The look-and-say follows the pattern 1, 11, 21, 1211, 111221, .... ¹ How do we recognize what this pattern is? We discuss sequences and how to find the next element in a sequence in this section.
::外观和观察遵循模式1、11、21、1211、111221、111221、......1。我们如何认识这种模式?我们讨论顺序以及如何在本节的顺序中找到下一个元素。

lesson content

Sequences
::序列

A sequence is a numbered collection of terms, usually with a pattern. It can have an infinite number of terms, in which case it is called an infinite sequence , or it can have a finite number of terms, in which case it is called a finite sequence .
::一个序列是一个有编号的术语集合, 通常使用一个模式。它可以有无限的多个术语, 在这样的情况下, 它被称为一个无限的序列, 或者它可以有一定的术语数量, 在这样的情况下, 它被称为一个限定的序列。
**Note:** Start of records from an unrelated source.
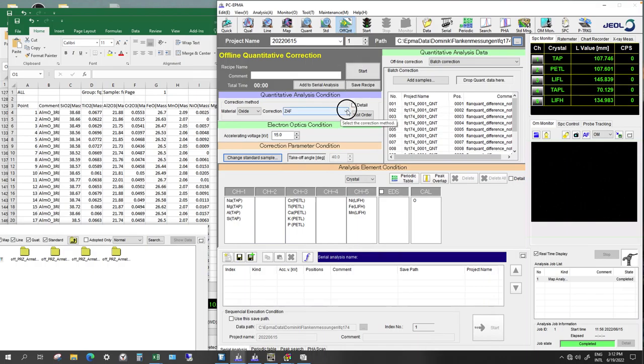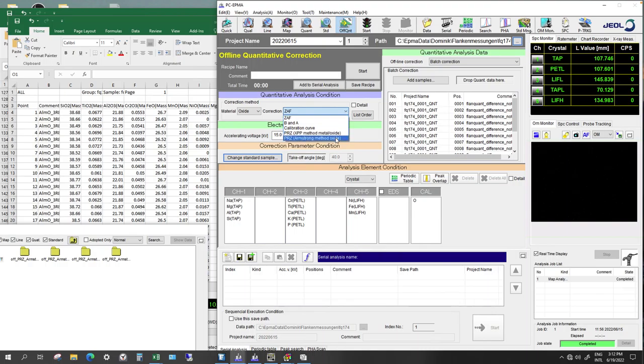So actually I always use Armstrong units. So it changes to Armstrong. So I think that is better.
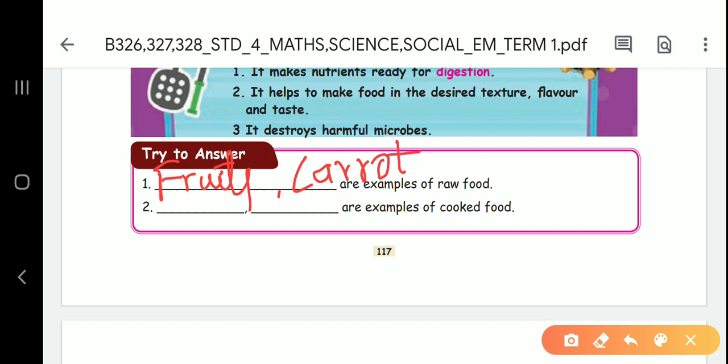Second question: these are examples of cooked food. What is cooked food? First answer is rice. Second answer is bread. We are eating bread.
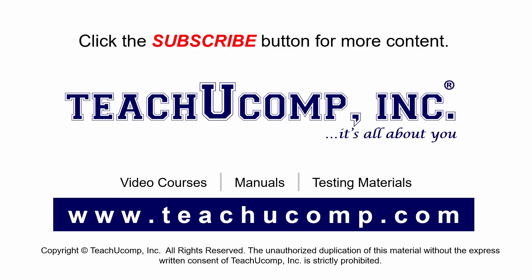Remember to click the Subscribe button to see more of our videos. Get ad-free courses at teachucomp.com. I'll see you next time!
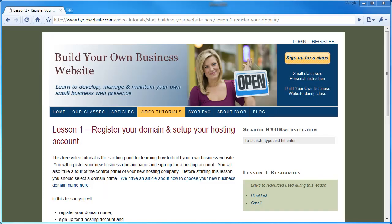Hi, and welcome to the Build Your Own Business Website tutorial series. My name is Rick Anderson, and I'll be your instructor throughout the entire series.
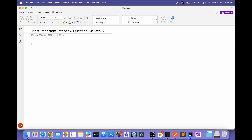Hi everyone, welcome to my channel Coding Here. Today I'll discuss one of the most important interview questions on Java 8. This is not only for one year of experience — mainly this question is asked for two, three, four, and five years of experience as well. In Java 8 they ask theory questions like what is Stream API, what is functional interface, how it works, and how many functional interfaces are there. But most of the time the interviewer will ask coding questions on Stream API.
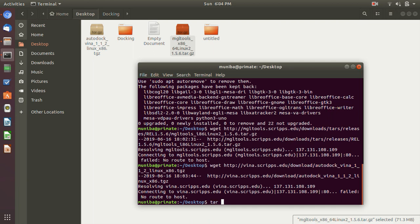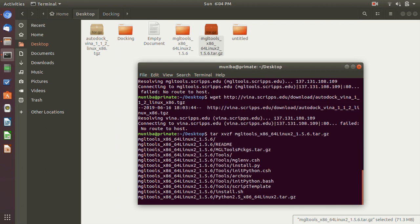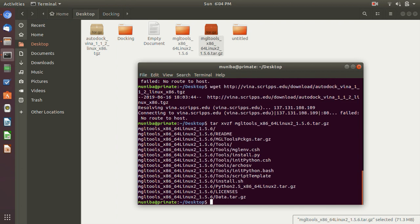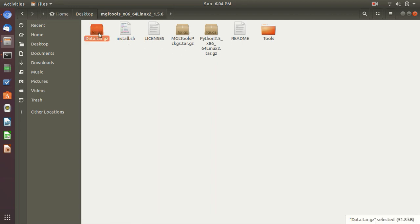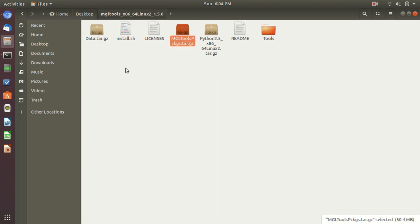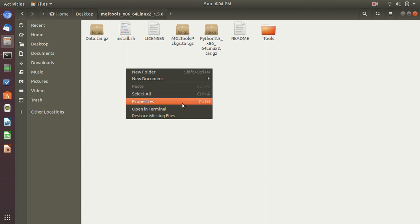Okay, first we will untar this: tar xvzf mgltools. Okay, as you can see, there is a new folder here. This is MGL Tools. You can untar this also. It will show you the docs and some examples also, and this one too.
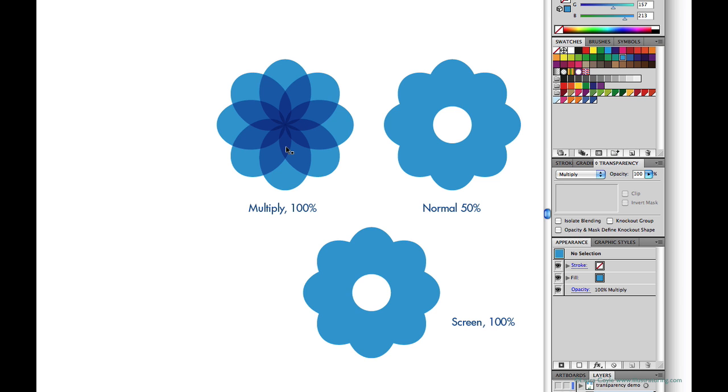But the white circle has disappeared now. It's invisible. And this is because multiply is a darkening mode and it uses color to darken everything below it in the stacking order. And since white is an absence of color, it has no effect on anything below it. And in this case it just becomes invisible.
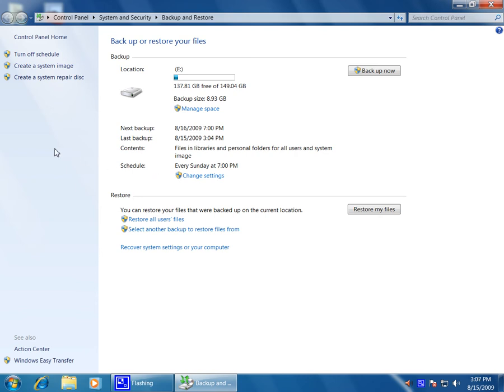You also have the option here to create a system image or to create a repair disk to bring back your system image.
When looking at a sequence of numbers, you will find there are many possibilities for what the pattern can be.
::当查看数字序列时,你会发现,对于该图案的图案,有很多可能性。

There could be a common difference: the same value is added or subtracted to progress from each term to the next.	$\begin{aligned} 5, 8, 11, 14, \dots \end{aligned}$ (add $\begin{aligned} 3 \end{aligned}$ )
There could be a common ratio: the same factor is multiplied to progress from one term to the next.	$\begin{aligned} 9, 3, 1 \end{aligned}$ , $\begin{aligned} \frac{1}{3}, \dots \end{aligned}$ $\begin{aligned} ( \end{aligned}$ multiply by $\begin{aligned} \frac{1}{3}) \end{aligned}$
If the terms are fractions, perhaps there is one pattern in the numerator and a different pattern in the denominator.	$\begin{aligned} \frac{1}{9}, \frac{3}{8}, \frac{5}{7}, \frac{7}{6}, \dots \end{aligned}$ (numerator ( $\begin{aligned} + 2 \end{aligned}$ ), denominator ( $\begin{aligned} - 1 \end{aligned}$ ))
If the terms are growing rapidly, perhaps the difference between the term values is increasing by some constant factor.	$\begin{aligned} 2, 5, 9, 14, \dots \end{aligned}$ (add $\begin{aligned} 3 \end{aligned}$ , add $\begin{aligned} 4 \end{aligned}$ , add $\begin{aligned} 5 \end{aligned}$ , ...)
The terms may represent a particular type of number, such as prime numbers, perfect squares, perfect cubes, etc.	$\begin{aligned} 2, 3, 5, 7, \dots \end{aligned}$ (prime numbers)
Each term may be the result of performing an operation on prior terms.	$\begin{aligned} 2, 5, 7, 12, 19, \dots \end{aligned}$ (add the previous two terms)
The value may be connected to the term number.	$\begin{aligned} 0, 2, 6, 12, \dots \end{aligned}$ In this example, $\begin{aligned} ((0 \times 1) = 0, (1 \times 2) = 2, (2 \times 3) = 6, (3 \times 4) = 12, \dots) \end{aligned}$
The terms may alternate in sign. A sequence like this is called an alternating sequence .	$\begin{aligned} - 1, 1, - 1, 1, - 1, 1, \dots \end{aligned}$ (raise $\begin{aligned} - 1 \end{aligned}$ to the term number)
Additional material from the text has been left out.